AME Meteor Studio Research on Energy-Efficient Computer Vision by Jinhan Hu and Venkatesh Kodukula
Advances in vision processing have ignited a proliferation of mobile vision applications, including augmented reality. However, limited by the inability to rapidly reconfigure sensor operation for performance-efficiency tradeoffs or exploit near-sensor processing, high power consumption causes vision applications to drain the device’s battery. To explore the sensor resolution reconfiguration latency bottlenecks, we profile it on mobile devices and find three major sources of latency in current operating systems. Based on our intuitions, we propose a redesign of Android camera system which enables smooth transitions between sensor configurations. We also investigate the thermal bottlenecks to processing vision tasks near the sensor and propose investigations to unlock the potential of near-sensor processing.

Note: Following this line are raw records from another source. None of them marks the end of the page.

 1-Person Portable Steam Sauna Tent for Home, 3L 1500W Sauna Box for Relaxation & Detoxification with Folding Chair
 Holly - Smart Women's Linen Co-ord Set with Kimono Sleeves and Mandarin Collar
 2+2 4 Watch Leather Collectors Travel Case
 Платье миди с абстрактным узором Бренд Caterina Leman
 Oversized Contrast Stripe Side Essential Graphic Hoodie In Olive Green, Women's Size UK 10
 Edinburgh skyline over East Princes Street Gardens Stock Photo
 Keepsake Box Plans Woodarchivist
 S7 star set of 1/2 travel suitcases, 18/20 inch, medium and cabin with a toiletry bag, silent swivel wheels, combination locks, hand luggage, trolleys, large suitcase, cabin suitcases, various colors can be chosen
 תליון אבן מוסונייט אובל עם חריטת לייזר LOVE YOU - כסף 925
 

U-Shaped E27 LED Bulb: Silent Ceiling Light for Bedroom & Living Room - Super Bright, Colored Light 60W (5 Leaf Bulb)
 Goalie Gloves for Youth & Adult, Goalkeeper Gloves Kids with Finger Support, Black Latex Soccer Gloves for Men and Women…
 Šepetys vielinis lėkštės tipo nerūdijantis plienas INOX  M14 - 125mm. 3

Jinhan Hu is currently a doctoral student in the School of Electrical, Computer and Energy Engineering at Arizona State University. Jinhan completed his Master of Science at Auburn University and his bachelor's degree at Chongqing University. His work concentrates on optimizing operating systems for sensing and actuation on mobile devices.
Venkatesh Kodukula is currently an Master of Science student in computer engineering at Arizona State University. Venkatesh completed his bachelor's degree at the National Institute of Technology, Warangal. His current work concentrates on the thermal dependencies of near-sensor vision processing.